#### [Problem to solve]
Nothing is needed except the lines below that run from the one with "Efekt Toothgems - biżuteria nazębna" through the one with "cloacal part of", repeated exactly.
--
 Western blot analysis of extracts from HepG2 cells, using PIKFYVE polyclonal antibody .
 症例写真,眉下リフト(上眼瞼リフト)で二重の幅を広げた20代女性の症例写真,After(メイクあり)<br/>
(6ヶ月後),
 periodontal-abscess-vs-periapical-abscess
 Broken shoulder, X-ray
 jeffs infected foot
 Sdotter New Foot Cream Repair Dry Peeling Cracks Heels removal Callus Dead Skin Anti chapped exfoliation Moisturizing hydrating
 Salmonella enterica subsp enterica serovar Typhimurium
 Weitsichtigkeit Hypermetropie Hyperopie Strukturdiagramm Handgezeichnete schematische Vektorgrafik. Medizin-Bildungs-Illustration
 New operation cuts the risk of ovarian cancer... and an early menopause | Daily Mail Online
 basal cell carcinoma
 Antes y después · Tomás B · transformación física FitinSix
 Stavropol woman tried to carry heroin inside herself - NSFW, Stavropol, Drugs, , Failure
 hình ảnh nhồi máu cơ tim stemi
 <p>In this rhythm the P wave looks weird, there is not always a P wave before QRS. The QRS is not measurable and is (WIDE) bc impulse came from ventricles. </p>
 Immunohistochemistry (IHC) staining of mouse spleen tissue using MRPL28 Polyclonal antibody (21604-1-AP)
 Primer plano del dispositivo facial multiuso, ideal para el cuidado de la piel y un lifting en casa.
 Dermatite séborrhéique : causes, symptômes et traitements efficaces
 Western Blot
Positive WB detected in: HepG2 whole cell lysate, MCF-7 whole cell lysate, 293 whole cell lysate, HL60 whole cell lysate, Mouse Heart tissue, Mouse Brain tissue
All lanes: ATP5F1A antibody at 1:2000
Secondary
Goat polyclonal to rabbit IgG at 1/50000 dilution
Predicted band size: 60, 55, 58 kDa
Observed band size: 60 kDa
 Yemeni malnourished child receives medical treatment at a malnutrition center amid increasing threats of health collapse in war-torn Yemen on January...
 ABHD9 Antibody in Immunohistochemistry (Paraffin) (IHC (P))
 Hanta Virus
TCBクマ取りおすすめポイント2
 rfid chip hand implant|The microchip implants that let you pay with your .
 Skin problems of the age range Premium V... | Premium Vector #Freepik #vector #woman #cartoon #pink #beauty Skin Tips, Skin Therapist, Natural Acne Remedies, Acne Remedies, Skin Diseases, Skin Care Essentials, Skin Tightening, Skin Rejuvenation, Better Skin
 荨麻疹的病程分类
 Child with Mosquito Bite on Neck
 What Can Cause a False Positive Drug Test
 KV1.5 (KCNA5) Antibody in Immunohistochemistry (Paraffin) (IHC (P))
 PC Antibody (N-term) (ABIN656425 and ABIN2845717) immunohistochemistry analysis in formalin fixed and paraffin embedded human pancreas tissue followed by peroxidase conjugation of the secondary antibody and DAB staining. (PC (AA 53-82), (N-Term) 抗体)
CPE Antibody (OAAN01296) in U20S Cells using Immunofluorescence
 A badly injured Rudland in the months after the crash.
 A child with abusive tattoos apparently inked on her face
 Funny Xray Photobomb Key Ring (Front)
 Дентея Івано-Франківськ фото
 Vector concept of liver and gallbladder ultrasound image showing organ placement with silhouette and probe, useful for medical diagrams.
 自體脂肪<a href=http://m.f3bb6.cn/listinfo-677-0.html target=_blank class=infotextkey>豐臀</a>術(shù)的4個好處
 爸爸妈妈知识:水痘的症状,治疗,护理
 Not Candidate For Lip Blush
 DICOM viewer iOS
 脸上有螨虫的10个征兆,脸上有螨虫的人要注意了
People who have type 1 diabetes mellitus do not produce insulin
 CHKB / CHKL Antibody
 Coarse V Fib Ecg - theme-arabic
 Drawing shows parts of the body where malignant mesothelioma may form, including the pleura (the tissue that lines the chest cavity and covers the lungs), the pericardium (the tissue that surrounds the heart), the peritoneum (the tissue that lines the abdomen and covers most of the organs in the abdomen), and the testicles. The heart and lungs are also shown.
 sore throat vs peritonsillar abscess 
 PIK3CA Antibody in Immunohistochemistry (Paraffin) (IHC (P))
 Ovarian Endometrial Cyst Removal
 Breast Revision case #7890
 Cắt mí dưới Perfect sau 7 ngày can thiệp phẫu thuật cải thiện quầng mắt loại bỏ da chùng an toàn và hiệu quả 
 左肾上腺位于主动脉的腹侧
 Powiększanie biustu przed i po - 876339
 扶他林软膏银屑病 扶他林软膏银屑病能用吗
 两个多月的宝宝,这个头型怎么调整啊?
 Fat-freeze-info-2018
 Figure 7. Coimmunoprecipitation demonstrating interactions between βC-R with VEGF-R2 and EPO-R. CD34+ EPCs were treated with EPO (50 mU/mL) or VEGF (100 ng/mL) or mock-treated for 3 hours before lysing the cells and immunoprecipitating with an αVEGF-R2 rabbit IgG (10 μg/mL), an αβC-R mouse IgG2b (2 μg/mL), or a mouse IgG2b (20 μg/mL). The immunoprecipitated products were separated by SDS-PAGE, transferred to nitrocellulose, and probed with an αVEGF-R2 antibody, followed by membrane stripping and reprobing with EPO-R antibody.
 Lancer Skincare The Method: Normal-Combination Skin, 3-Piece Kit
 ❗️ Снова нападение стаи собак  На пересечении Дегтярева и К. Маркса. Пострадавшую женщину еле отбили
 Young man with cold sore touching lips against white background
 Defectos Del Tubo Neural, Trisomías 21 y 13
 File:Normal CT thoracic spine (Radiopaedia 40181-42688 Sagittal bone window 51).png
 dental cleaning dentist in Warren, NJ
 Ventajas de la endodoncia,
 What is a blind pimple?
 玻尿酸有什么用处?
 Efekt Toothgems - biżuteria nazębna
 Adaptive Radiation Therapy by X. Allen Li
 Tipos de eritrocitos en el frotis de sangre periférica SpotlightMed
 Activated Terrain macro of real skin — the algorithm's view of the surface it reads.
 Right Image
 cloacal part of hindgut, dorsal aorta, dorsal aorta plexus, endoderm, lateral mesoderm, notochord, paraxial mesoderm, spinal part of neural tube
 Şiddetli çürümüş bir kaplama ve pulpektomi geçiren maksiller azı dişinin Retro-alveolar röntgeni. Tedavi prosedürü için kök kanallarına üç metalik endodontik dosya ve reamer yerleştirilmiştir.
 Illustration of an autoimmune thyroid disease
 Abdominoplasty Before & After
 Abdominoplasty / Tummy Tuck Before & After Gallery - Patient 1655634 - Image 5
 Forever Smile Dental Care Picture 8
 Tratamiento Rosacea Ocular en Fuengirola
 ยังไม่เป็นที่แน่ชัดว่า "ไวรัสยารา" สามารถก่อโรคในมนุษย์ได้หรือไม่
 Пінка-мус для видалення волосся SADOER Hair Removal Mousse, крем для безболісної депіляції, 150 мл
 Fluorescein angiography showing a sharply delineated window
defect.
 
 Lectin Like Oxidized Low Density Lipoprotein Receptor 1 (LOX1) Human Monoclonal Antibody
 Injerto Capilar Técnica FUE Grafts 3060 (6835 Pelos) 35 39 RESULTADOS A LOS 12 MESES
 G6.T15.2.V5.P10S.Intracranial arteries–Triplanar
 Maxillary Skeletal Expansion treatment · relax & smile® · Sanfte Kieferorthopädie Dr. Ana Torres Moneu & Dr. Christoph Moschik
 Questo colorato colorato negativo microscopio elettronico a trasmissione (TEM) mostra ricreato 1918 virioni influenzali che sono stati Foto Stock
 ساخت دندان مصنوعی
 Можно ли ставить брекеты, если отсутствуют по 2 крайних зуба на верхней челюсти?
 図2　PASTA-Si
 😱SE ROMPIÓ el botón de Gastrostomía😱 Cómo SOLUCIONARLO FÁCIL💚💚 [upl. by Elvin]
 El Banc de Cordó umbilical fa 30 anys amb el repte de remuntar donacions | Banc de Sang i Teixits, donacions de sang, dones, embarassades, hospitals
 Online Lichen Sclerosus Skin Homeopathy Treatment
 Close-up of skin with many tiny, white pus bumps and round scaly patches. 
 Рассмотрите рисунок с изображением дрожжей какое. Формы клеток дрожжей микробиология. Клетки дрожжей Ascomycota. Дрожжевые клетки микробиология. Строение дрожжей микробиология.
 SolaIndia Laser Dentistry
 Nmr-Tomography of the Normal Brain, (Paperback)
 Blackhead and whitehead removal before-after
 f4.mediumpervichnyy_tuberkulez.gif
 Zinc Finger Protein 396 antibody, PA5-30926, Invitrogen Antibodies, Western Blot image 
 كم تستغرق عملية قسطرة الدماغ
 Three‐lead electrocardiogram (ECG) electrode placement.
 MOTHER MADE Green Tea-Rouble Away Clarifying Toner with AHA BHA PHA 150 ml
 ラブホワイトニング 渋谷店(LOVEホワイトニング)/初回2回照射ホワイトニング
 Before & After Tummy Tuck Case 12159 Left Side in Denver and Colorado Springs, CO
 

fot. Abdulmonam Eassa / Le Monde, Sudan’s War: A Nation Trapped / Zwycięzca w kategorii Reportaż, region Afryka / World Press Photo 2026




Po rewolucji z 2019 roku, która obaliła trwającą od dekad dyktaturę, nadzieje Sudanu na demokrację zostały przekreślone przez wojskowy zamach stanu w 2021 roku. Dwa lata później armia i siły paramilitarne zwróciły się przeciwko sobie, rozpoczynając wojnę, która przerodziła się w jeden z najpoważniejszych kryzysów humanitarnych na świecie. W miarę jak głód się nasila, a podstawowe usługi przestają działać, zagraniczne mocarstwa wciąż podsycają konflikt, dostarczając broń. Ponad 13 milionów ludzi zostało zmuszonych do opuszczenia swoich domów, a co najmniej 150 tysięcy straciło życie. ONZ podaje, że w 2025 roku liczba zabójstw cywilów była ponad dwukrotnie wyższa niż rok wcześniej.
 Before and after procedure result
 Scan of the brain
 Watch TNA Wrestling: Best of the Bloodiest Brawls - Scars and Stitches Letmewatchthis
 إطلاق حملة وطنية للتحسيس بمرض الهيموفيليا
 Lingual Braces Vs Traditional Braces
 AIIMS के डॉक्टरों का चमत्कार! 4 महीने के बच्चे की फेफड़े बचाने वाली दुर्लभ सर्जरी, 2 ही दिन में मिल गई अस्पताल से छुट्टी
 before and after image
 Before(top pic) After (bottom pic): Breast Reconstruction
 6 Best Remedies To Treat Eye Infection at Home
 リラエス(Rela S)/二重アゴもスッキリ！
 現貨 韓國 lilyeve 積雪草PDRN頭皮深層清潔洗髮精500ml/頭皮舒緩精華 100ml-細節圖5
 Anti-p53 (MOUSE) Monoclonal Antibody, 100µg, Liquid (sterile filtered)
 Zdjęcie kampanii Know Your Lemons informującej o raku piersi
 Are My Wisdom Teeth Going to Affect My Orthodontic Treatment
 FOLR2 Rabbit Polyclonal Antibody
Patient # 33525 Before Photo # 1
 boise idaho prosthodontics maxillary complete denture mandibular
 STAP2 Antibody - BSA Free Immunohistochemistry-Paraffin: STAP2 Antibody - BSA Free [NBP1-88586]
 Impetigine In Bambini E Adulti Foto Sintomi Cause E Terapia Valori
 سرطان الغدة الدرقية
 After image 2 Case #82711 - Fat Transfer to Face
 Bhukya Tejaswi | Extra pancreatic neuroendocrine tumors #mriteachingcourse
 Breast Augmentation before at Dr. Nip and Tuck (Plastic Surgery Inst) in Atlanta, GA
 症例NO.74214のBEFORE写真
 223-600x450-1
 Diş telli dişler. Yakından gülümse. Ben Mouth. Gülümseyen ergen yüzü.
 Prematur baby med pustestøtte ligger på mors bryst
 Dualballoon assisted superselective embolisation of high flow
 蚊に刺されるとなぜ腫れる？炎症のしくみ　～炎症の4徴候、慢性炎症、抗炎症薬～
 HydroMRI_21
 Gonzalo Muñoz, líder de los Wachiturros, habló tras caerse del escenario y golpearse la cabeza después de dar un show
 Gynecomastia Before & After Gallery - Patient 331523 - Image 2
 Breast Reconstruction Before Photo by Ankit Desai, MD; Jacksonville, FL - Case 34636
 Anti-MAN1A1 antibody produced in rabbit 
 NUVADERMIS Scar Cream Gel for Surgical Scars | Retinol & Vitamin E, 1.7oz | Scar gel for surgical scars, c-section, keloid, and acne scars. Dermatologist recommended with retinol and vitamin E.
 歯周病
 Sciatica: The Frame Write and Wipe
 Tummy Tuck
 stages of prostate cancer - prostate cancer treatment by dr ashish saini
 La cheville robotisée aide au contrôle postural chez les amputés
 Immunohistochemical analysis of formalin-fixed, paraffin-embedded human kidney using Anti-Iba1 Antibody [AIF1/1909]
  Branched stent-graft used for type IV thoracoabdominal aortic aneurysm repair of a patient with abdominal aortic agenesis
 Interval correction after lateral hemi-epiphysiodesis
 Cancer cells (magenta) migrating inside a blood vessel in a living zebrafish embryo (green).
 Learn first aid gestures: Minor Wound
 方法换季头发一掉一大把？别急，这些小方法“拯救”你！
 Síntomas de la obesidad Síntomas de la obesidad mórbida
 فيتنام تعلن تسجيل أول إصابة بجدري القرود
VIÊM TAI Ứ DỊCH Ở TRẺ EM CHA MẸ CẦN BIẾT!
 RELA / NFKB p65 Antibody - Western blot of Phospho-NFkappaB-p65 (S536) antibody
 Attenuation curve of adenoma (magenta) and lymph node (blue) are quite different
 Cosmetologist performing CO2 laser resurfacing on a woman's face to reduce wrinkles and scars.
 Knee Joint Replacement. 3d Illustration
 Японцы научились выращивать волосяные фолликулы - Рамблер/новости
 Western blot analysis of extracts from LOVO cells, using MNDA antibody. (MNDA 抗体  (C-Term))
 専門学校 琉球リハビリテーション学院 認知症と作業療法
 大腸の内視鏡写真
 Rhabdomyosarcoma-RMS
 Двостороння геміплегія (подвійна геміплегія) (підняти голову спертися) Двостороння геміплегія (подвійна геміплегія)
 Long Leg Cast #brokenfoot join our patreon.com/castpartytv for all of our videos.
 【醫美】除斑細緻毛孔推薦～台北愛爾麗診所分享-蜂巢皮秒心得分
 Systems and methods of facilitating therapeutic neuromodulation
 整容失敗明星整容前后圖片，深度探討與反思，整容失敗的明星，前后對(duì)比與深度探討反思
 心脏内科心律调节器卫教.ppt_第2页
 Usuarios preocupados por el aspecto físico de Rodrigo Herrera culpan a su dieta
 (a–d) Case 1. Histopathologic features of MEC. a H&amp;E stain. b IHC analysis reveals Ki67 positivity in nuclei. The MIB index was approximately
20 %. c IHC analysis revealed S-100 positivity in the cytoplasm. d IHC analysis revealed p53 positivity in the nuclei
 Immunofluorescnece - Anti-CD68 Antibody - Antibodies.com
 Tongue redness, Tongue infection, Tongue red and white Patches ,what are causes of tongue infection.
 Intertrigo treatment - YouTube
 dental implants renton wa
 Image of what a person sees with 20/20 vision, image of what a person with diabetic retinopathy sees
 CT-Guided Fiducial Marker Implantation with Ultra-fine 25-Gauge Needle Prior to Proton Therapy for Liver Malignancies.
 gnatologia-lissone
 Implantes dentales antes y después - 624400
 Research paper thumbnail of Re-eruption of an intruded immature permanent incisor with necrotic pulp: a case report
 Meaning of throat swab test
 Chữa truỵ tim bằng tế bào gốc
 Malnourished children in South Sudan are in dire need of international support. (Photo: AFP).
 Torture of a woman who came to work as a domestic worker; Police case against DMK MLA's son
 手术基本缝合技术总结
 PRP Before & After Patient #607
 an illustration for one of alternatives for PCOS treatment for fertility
--
#### [Response box]
 Efekt Toothgems - biżuteria nazębna
 Adaptive Radiation Therapy by X. Allen Li
 Tipos de eritrocitos en el frotis de sangre periférica SpotlightMed
 Activated Terrain macro of real skin — the algorithm's view of the surface it reads.
 Right Image
 cloacal part of hindgut, dorsal aorta, dorsal aorta plexus, endoderm, lateral mesoderm, notochord, paraxial mesoderm, spinal part of neural tube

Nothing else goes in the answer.